* PROVIDED MATERIAL *
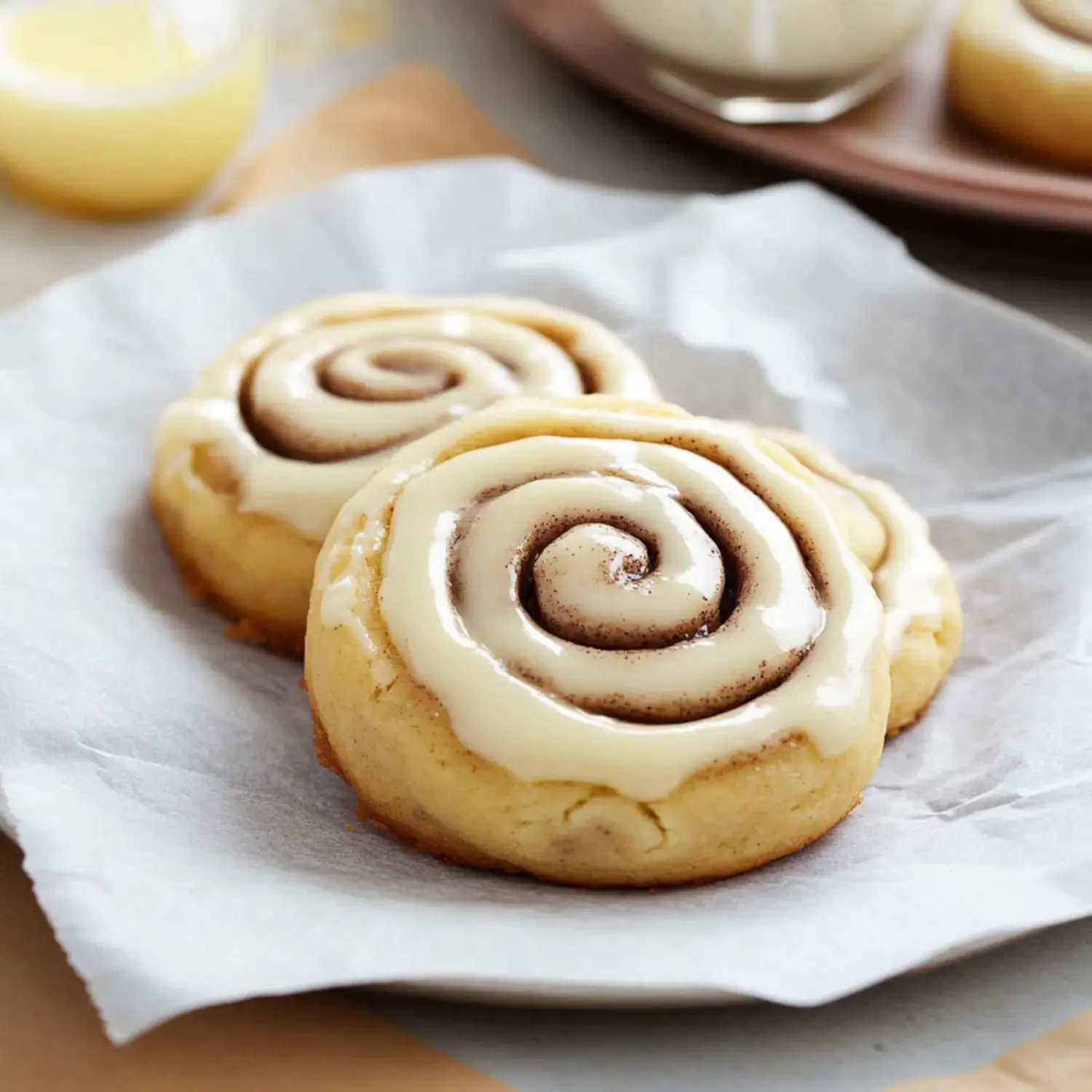 Two cinnamon rolls with cream frosting are presented on a piece of parchment paper.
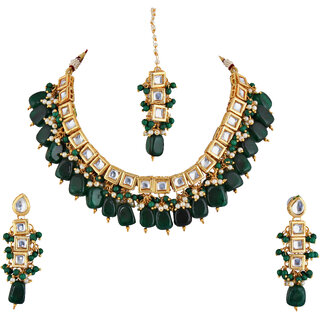 LUCKY JEWELLERY Back Meenakari 18k Gold Lucknow Dibbi Kundan, Uncut Faux Kundan, Combo Necklace set LUCKY JEWELLERY Back Meenakari 18k Gold Lucknow Dibbi Kundan, Uncut Faux Kundan, Combo Necklace set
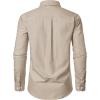 JEMITOP Men’s Classic Lightweight Oxford Button Down Collar Shirts Business Casual Long Sleeve Dress Shirt with Pocket(Khaki)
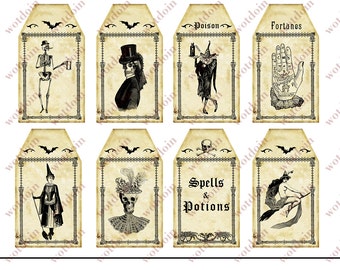 Halloween Printable Tags Witches Skeletons Bats Spells Potions Palmistry Fortune Teller Digital Collage Junk Journal Party Favors Gift Tags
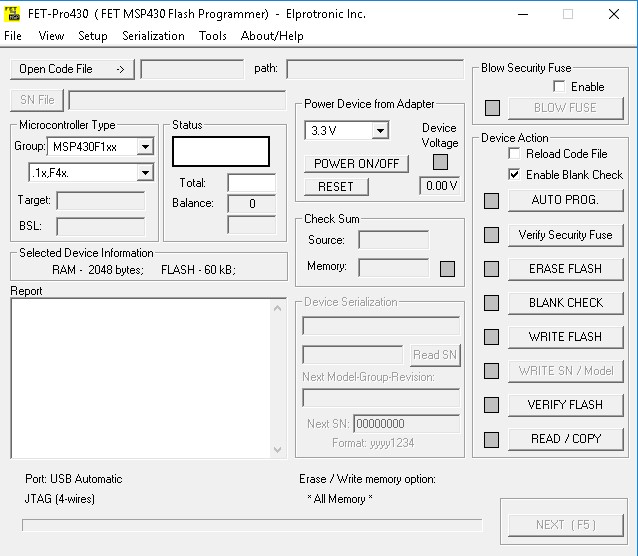 Elprotronic - FET-Pro430 - Lite version for TI's MSP430 3.4 : Main window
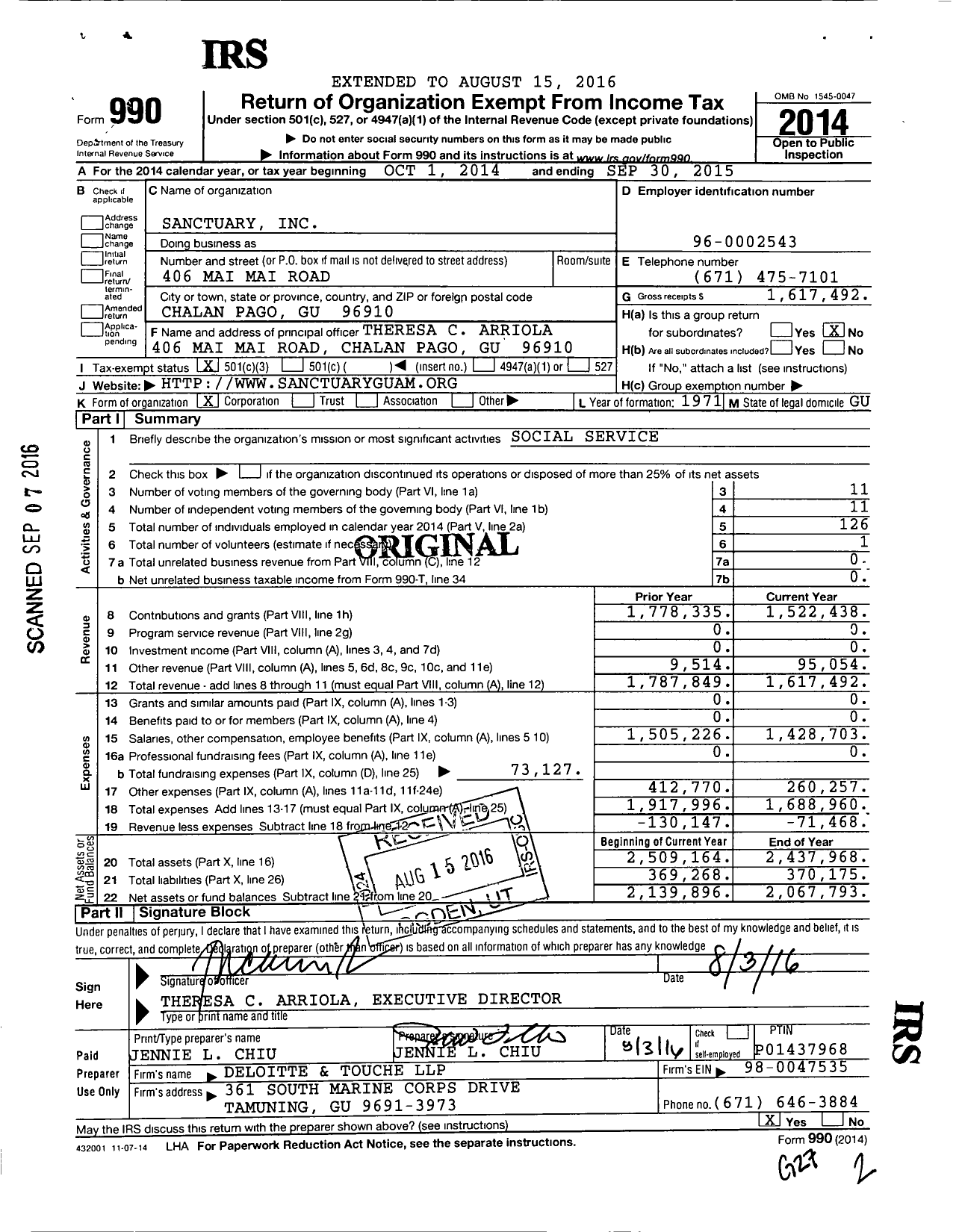 Image of first page of 2014 Form 990 for Sanctuary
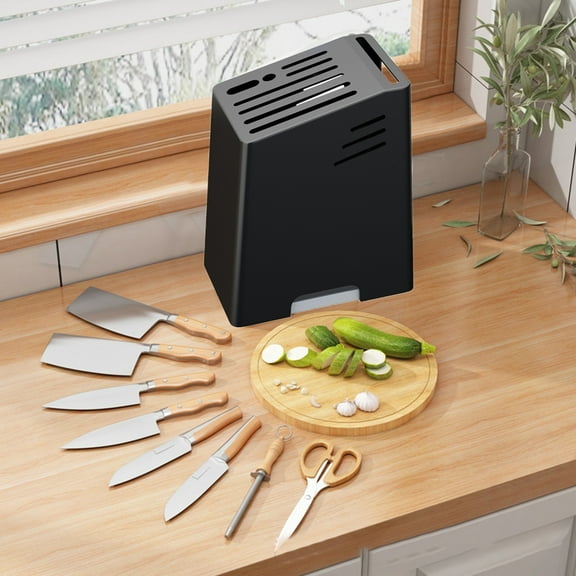 Openpig Universal Knife Holder for Counter Top, Small Empty Knife Block without Knives - Holds 9 Knives with Removable Drip Tray, Ideal Kitchen Knife Storage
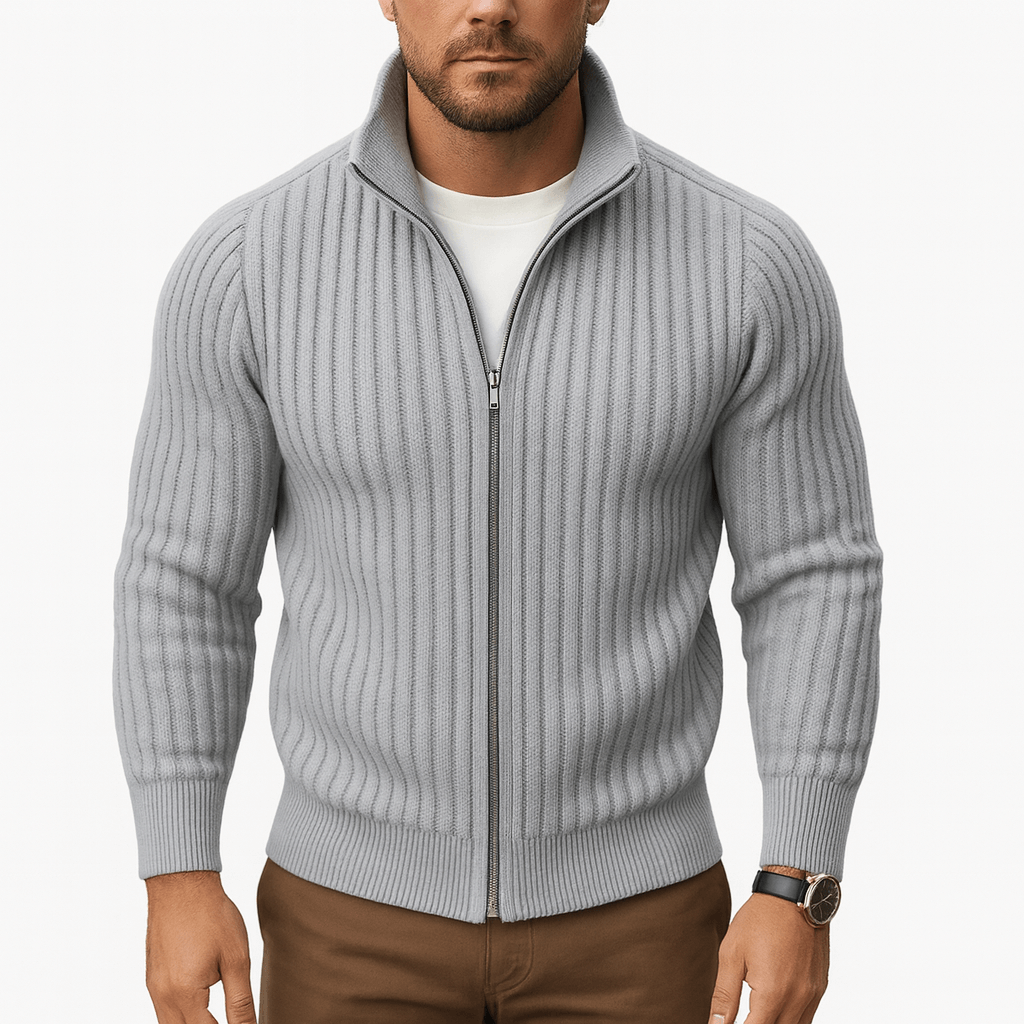 Textured Zip Up Sweater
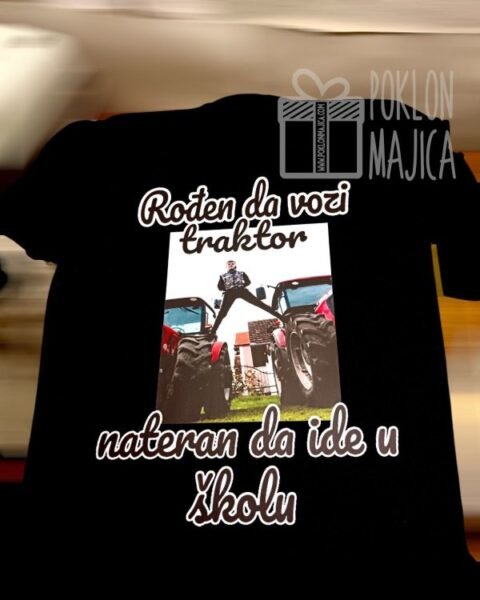 Nateran da ide u školu :) – Majica sa štampom – boja: crna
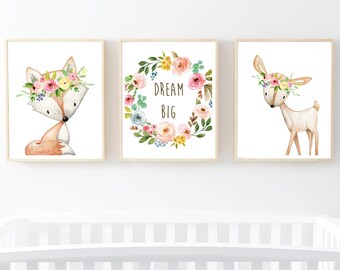 Dream Big Forest Animals Boho Printable Nursery Art, Woodland Animals, Floral Nursery Art Dream Big Fox Deer Set of 3 Instant Download 602-A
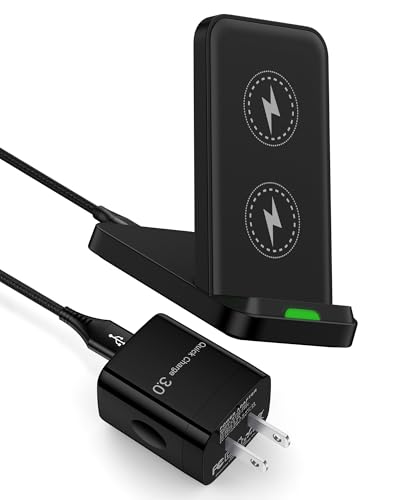 Android Wireless Charger Stand for Samsung Galaxy S26 S25 Ultra S24, 15W Sam Sung Wire less Charging Phone Holder for iPhone 17 Pro Max 17Pro 16e 15, Google Pixel 10 Pro XL Fast Charging Station Block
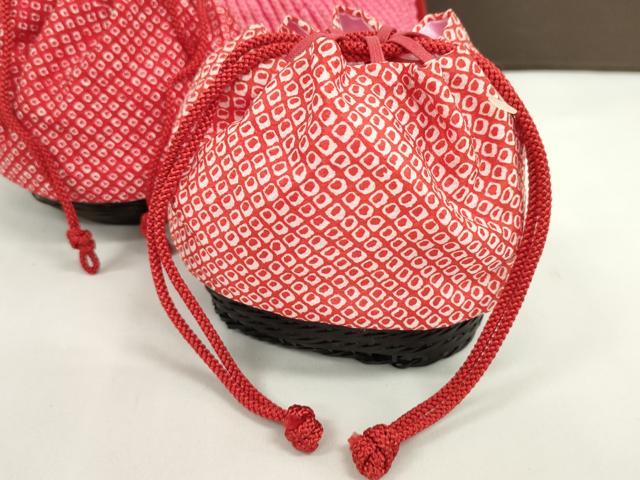 平和屋着物▼夏物　和装小物　和装バッグ　籠巾着まとめて５点　浴衣　レース風　絞りなど　逸品　CABJ1534ju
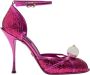 Dolce & Gabbana Glitter Parel Kalfsleren Hoge Hak Sandalen - Thumbnail 3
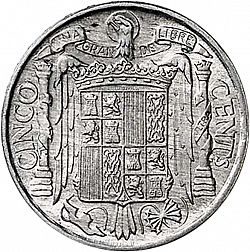 Large Reverse for 5 Céntimos 1953 coin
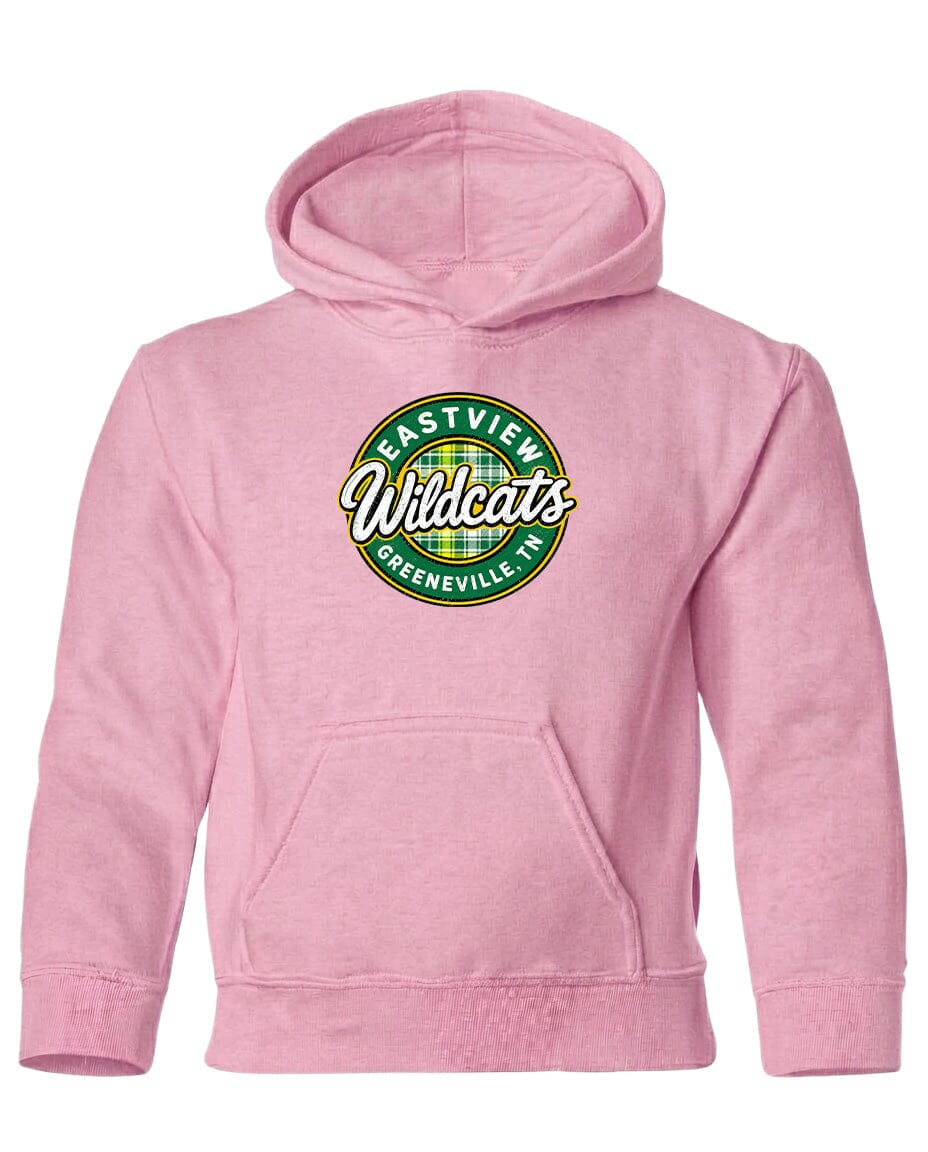 A pink hoodie with a logo on the front.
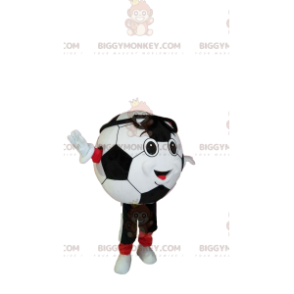 Smiling Soccer Ball BIGGYMONKEY™ Mascot Costume In Sportswear -
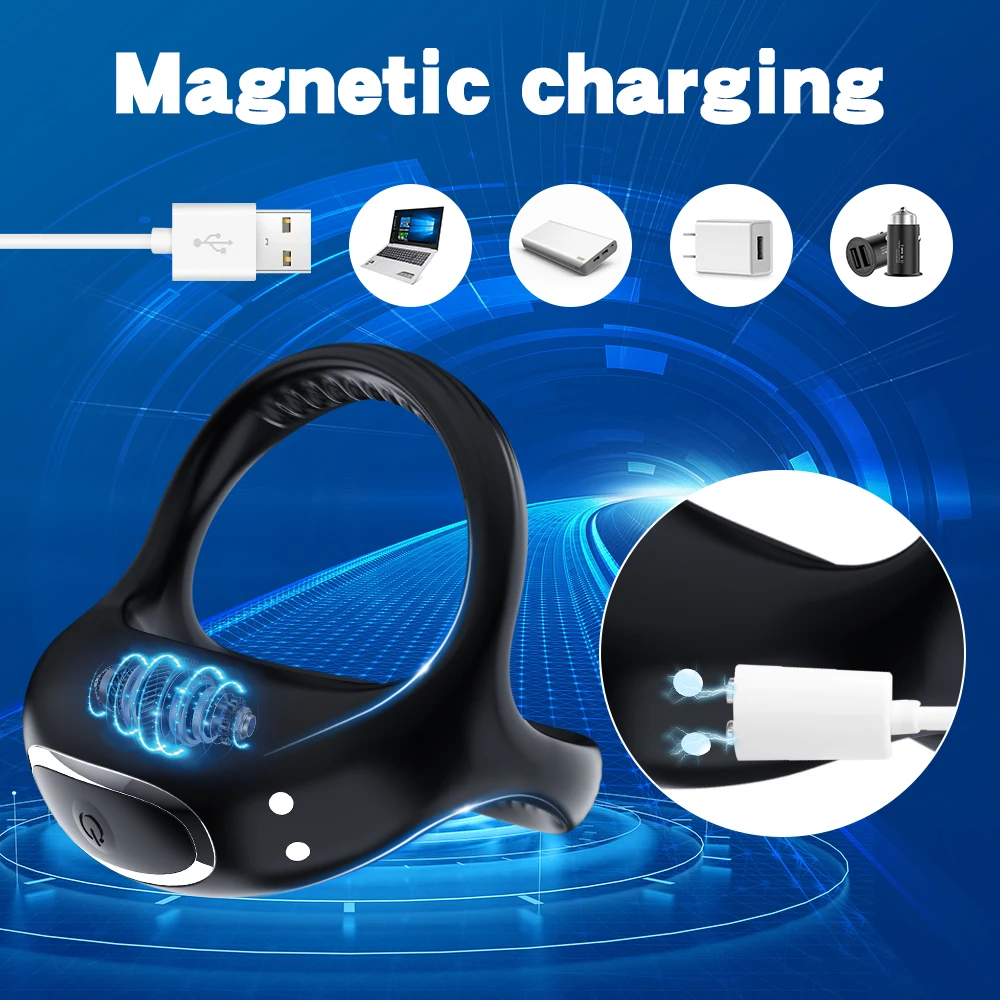 Bluetooth Wireless Remote Control Vibrating Cock Ring Delayed Ejaculation Penis Ring Vibrator Adults Sex Toy for Men Masturbator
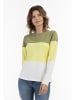 usha BLUE LABEL Damen Feinstrickpullover Mit Blockstreifen in Weiss Grün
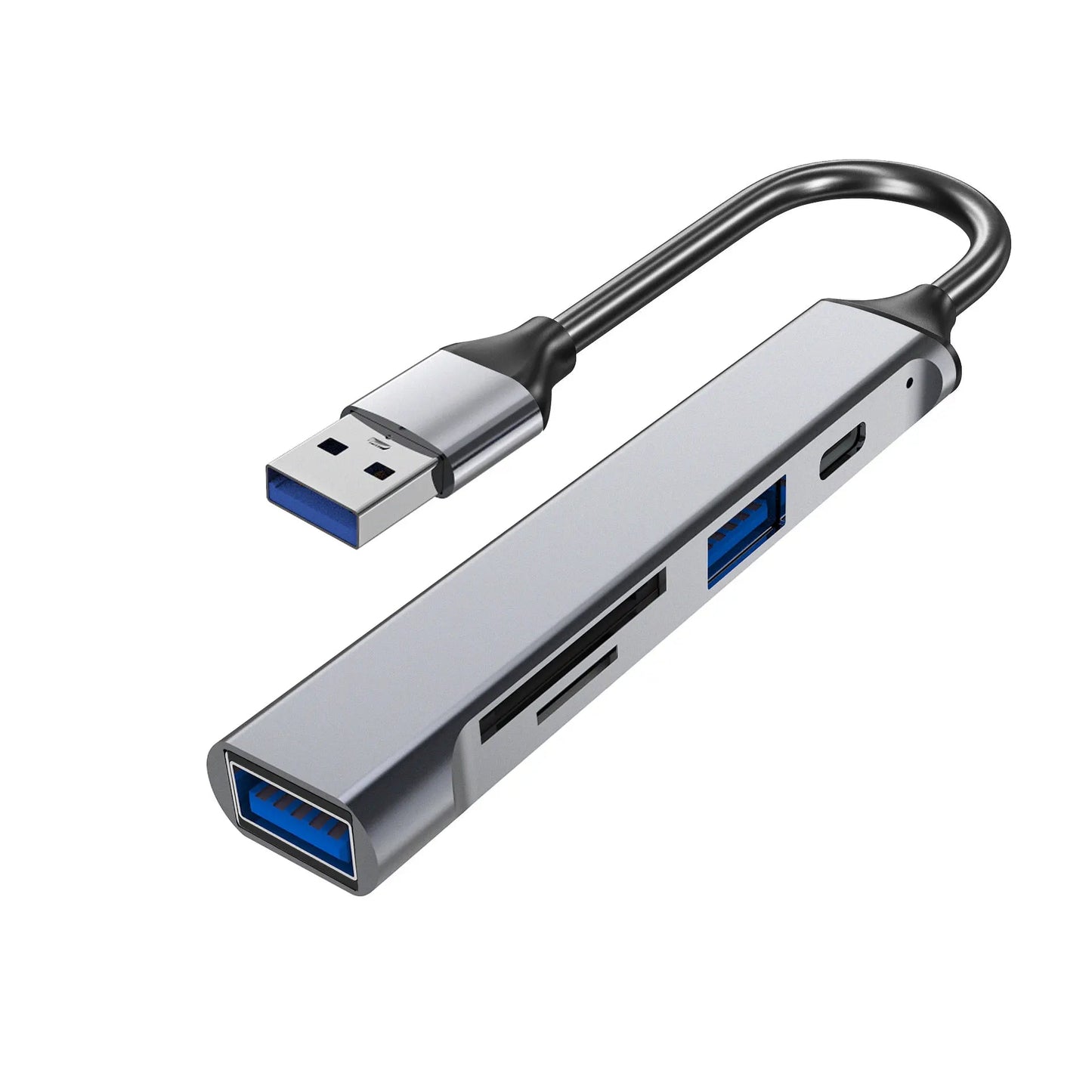 [5-in-1 USB Hub] 5-in-1 Hub with USB Converter | Supports OTG + Phone, Computer, Laptop, USB Flash Drive, SD Card Data Transfer Techelectronicx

* PROBLEM STATEMENT *
Verbatim output of every entry above is required, though pictures are to be left out.

* ANSWER FOR THIS EXERCISE *
 Two cinnamon rolls with cream frosting are presented on a piece of parchment paper.
 LUCKY JEWELLERY Back Meenakari 18k Gold Lucknow Dibbi Kundan, Uncut Faux Kundan, Combo Necklace set LUCKY JEWELLERY Back Meenakari 18k Gold Lucknow Dibbi Kundan, Uncut Faux Kundan, Combo Necklace set
 JEMITOP Men’s Classic Lightweight Oxford Button Down Collar Shirts Business Casual Long Sleeve Dress Shirt with Pocket(Khaki)
 Halloween Printable Tags Witches Skeletons Bats Spells Potions Palmistry Fortune Teller Digital Collage Junk Journal Party Favors Gift Tags
 Elprotronic - FET-Pro430 - Lite version for TI's MSP430 3.4 : Main window
 Image of first page of 2014 Form 990 for Sanctuary
 Openpig Universal Knife Holder for Counter Top, Small Empty Knife Block without Knives - Holds 9 Knives with Removable Drip Tray, Ideal Kitchen Knife Storage
 Textured Zip Up Sweater
 Nateran da ide u školu :) – Majica sa štampom – boja: crna
 Dream Big Forest Animals Boho Printable Nursery Art, Woodland Animals, Floral Nursery Art Dream Big Fox Deer Set of 3 Instant Download 602-A
 Android Wireless Charger Stand for Samsung Galaxy S26 S25 Ultra S24, 15W Sam Sung Wire less Charging Phone Holder for iPhone 17 Pro Max 17Pro 16e 15, Google Pixel 10 Pro XL Fast Charging Station Block
 平和屋着物▼夏物　和装小物　和装バッグ　籠巾着まとめて５点　浴衣　レース風　絞りなど　逸品　CABJ1534ju
 Dolce & Gabbana Glitter Parel Kalfsleren Hoge Hak Sandalen - Thumbnail 3
 Large Reverse for 5 Céntimos 1953 coin
 A pink hoodie with a logo on the front.
 Smiling Soccer Ball BIGGYMONKEY™ Mascot Costume In Sportswear -
 Bluetooth Wireless Remote Control Vibrating Cock Ring Delayed Ejaculation Penis Ring Vibrator Adults Sex Toy for Men Masturbator
 usha BLUE LABEL Damen Feinstrickpullover Mit Blockstreifen in Weiss Grün
 [5-in-1 USB Hub] 5-in-1 Hub with USB Converter | Supports OTG + Phone, Computer, Laptop, USB Flash Drive, SD Card Data Transfer Techelectronicx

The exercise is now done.